Glaucoma is a disease that damages the optic nerve, which is responsible for sending visual images from eye to brain. Glaucoma occurs when the fluid in the eye does not drain as in the normal conditions. In such a situation, the fluid builds up and increases pressure in the eye gradually, which will damage the optic nerve. World Health Organization (WHO) has estimated that over 64 million people living with glaucoma in the world in 2019, where more than 60% of glaucoma patients (51 million) live in Asia countries. Also, it is estimated that by 2030 over 95 million people will have glaucoma]. Glaucoma is identified as the second leading cause for blindness worldwide. Glaucoma detection is required for preventing from blindness and reducing cost for surgeries such as trabeculectomy, tube shunt implantation for socially as well as economically. Blindness from glaucoma can often be prevented with early treatment. Treating glaucoma will not bring back any vision lost, but it can help save the current sight. Thus, it is important to address the problem of glaucoma diagnosis.

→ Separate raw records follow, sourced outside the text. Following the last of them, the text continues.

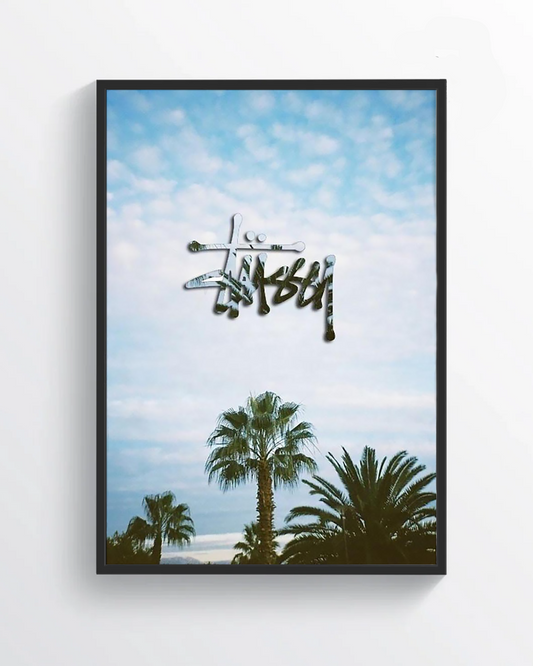 Stussy 'LA'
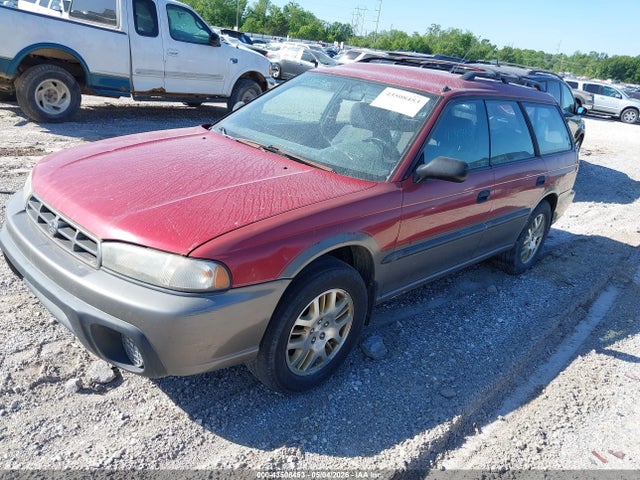 Aukcja sprzedaży 1996 Subaru Legacy Outback, vin: 4S3BG6859T7389207, numer aukcji: 43508453
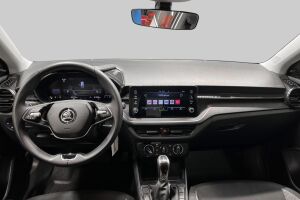Skoda Fabia esikatselu 10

Addressing Computer-Aided Diagnosis (CAD) of ocular diseases is an active research area due to the benefits such as generating accurate image classification results and providing tool support for the glaucoma diagnosis process. Most of the existing studies have used machine learning techniques focusing on only one dataset and obtained reasonable classification accuracy. In this study, we consider different datasets to achieve better classification accuracy compared to the existing studies. The proposed research applies different deep learning and computer vision-based techniques to detect various ocular diseases like glaucoma for different types of retinal fundus images. Moreover, we apply parameter tuning and different optimizers to increase the classification accuracy of the learning models. Therefore, improvement of the classification accuracy and avoiding overfitting of machine learning techniques can be considered as the novelty of this research.
Further, we apply explainable AI techniques to provide visual explanations for the predictions based on the underline deep learning model. This framework with segmentation, classification and explainability is deployed as a web application. Such computational decision support will be beneficial for the professionals in ophthalmology such as optometrists and ophthalmologists.